The arrowhead made of meteoritic iron from Mörigen. Collection Bern History Museum. Photo: Thomas Schüpbach
In an interdisciplinary study by the Natural History Museum Bern, led by geologist Prof. Dr. Beda Hofmann, researchers have proven that a Bronze Age arrowhead found in Mörigen on Lake Biel, Switzerland, was definitely made of meteoritic iron. Scientific evidence was provided by physicist Prof. Dr. Marc Schumann of the University of Freiburg, using gamma spectrometry. "The unusual aspect of this project is that we worked in a very interdisciplinary way and combined methods from such disparate sectors as archaeology, meteorite research and particle physics," says Schumann.
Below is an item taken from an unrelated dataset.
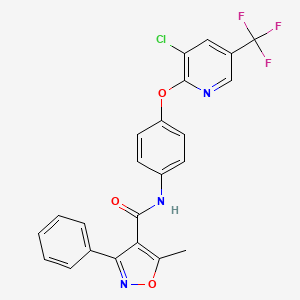molecular formula C23H15ClF3N3O3 B2381357 N-(4-{[3-chloro-5-(trifluoromethyl)pyridin-2-yl]oxy}phenyl)-5-methyl-3-phenyl-1,2-oxazole-4-carboxamide CAS No. 1023539-12-9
The results have been published in the Journal of Archaeological Science.
Meteoritic iron is very rare
Evidence of such early use of meteoritic iron is extremely rare. The arrowhead comes from the holdings of the Bern History Museum, is 39 millimetres long and weighs 2.9 grammes, and originates from a Bronze Age pile-dwelling site in Mörigen by Lake Biel (900 to 800 BCE), where it was found during excavations in the 19th century. In order not to damage the irreplaceable historical artefact, non-destructive examination methods had to be used for the analysis.
The art of making iron from ore has been known in Central Europe since the beginning of the Iron Age around 800 BCE. Before that time, the metal was considered extremely rare and precious - it was only known from meteorites. Archaeological objects made of meteoritic iron are extremely rare, and therefore were probably not used as an everyday item. Only 55 such objects are known from the whole of Eurasia and Africa, and these come from 22 sites, with nineteen objects alone from the tomb of the Pharaoh Tutankhamun in Egypt. However, only a few of the artefacts have been examined with modern analytical methods.
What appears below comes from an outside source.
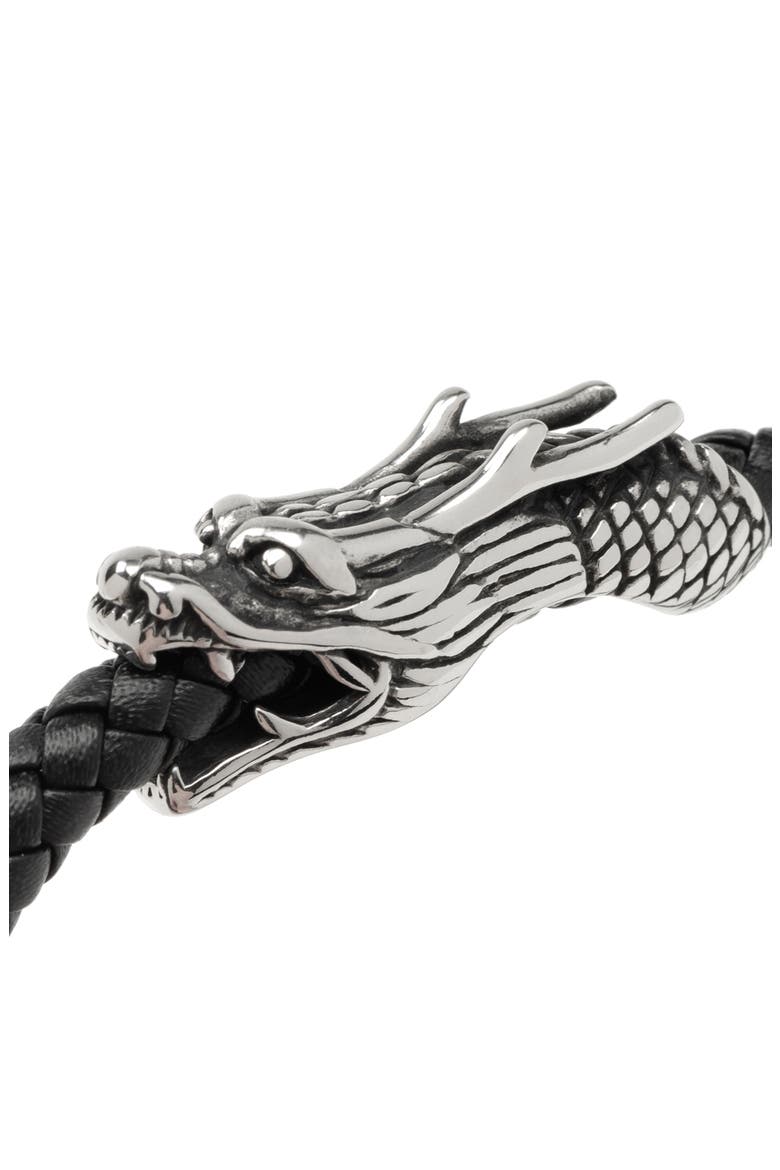 Men's Dragon Head Bracelet, Alternate, color, BLACK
New methods for examining meteorites
The methods used in this study for the analysis of the arrowhead in Bern include light microscopy, scanning electron microscopy, X-ray tomography, X-ray fluorescence, muon-induced X-ray emission (MIXE) and highly sensitive gamma spectrometry. "Using gamma spectrometry we can produce a radioactive fingerprint from any sample and even find relatively transient isotopes," says Schumann. "Some of these isotopes are only produced in outer space." These include aluminium-26, which Schumann and his team was able to detect in the arrowhead. "This gave us unequivocal evidence that the material was from a meteorite which had been exposed to cosmic radiation in space for a long time."
Astonishing discovery
The surprising fact about the meteoritic iron was however that it did not derive from the nearby Twannberg meteorite strewn-field in the Jura region of Bern, Switzerland. With about 8.3 percent nickel, the amount of this element in the arrowhead is almost twice as much as that in the Twannberg meteorite. A high level of germanium also shows that it is very probably a type IAB meteorite. In addition, the rather low concentration of aluminium-26 indicates that the sample originates from the interior of a meteorite which originally had a mass of at least 2 tons.
There are only a few known large IAB iron meteorites in Europe. The most likely origin is assumed to be the meteorite "Kaalijarv", which fell in Estonia during the Bronze Age (approx. 1500 BCE). The fall of this meteorite produced several craters of up to 100 metres in diameter. Since the largest meteorite fragments exploded on the ground, many small splinters must have been produced. Further analyses in archaeological collections in Europe could provide clues to whether the trail of the arrowhead stretching from Mörigen to Estonia can be confirmed.
Summary:
- Original publication: Hofmann, B.A., Bolliger Schreyer, S., Biswas, S., Gerchow, L., Wiebe, D., Schumann, D., Lindemann, S., Ramírez García, D., Lanari, P., Gfeller, F., Vigo, C., Das, D., Hotz, F., v. Schoeler K., Ninomiya, K., Niikura, M., Ritjoho, N., Amato, A.: An arrowhead made of meteoritic iron from the late Bronze Age settlement of Mörigen, Switzerland and its possible source. In: Journal of Archaeological Science (2023).
DOI: https://doi.org/10.1016/j.jas.2023.105827
- The project was coordinated by the Natural History Museum Bern. Also involved were the Bern History Museum, the University of Freiburg's Institute of Physics, the Institute of Geological Sciences at the University of Bern, Switzerland, and the Paul Scherrer Institute in Villigen, Switzerland.
- Marc Schumann is Professor of Astroparticle Physics at the University of Freiburg's Institute of Physics. His research focuses on the experimental hunt for extremely rare processes, such as dark matter. He also constructs highly sensitive detectors which emit minimal radioactivity of their own.